Th 158963

5 Critical Computer Reports

Sept. 1, 2004
Your practice-management software has the muscle to measure the financial health of your practice

By Linda Drevenstedt, MS

Are you taking advantage of your practice-management software system? It's understandable if you're not. The dizzying array of available reports can overwhelm even the most tech-savvy.

There are, however, five critical reports that each system generates, and it's worth the health of your practice to learn how to access and read them. These reports include:

1) Production by provider and by procedure code report
2) Collections report
3) Accounts receivable report
4) Insurance aging report
5) Adjustment report

By itself, the data provided by each report will not tell you if your practice is healthy. However, with a few crunches of the numbers, you'll have a better understanding of the overall health of your practice. Unfortunately, no industry standards exist for the names of these reports. To help practices, I have posted a "How To" on my Web site that provides the names given to these reports by each of the five leading software systems.
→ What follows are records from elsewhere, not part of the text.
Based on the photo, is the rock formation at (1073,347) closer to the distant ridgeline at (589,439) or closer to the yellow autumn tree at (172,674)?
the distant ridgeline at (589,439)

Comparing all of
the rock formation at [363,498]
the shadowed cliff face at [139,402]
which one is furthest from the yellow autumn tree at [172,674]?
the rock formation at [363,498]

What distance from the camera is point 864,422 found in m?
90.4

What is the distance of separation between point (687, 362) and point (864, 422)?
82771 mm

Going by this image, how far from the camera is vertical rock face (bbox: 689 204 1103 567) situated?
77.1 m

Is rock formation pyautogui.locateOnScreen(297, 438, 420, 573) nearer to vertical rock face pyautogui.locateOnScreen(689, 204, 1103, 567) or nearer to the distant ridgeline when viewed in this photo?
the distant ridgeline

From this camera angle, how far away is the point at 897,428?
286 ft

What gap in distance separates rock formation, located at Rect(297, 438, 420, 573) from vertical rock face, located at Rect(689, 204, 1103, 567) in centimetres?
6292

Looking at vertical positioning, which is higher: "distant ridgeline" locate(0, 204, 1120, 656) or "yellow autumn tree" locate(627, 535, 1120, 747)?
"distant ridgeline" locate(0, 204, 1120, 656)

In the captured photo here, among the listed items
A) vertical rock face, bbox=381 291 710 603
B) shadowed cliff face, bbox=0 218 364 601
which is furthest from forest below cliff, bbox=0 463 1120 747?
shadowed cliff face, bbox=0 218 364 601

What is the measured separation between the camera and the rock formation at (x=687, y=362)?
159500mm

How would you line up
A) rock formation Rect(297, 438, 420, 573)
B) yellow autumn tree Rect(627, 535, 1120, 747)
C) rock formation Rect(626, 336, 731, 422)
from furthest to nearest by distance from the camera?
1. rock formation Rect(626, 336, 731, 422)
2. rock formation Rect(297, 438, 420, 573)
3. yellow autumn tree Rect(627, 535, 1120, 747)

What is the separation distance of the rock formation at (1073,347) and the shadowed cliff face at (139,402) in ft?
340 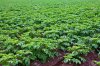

1) The Production by Procedure Code report

There are several practice-health benchmarks to calculate from this one report. Run the report for a six-month period for most of the following calculations. Run a separate report for each dentist and each hygienist, as well as a total practice report.

Doctor service-mixture benchmark

Step one: Run the Production by Procedure Code report for a six-month period for each dentist. Be sure the report is by individual procedure code — not by category.

Step two: Total the procedures that are "primary care" for your practice. Primary care procedures have charges equal to or higher than your fee for a crown.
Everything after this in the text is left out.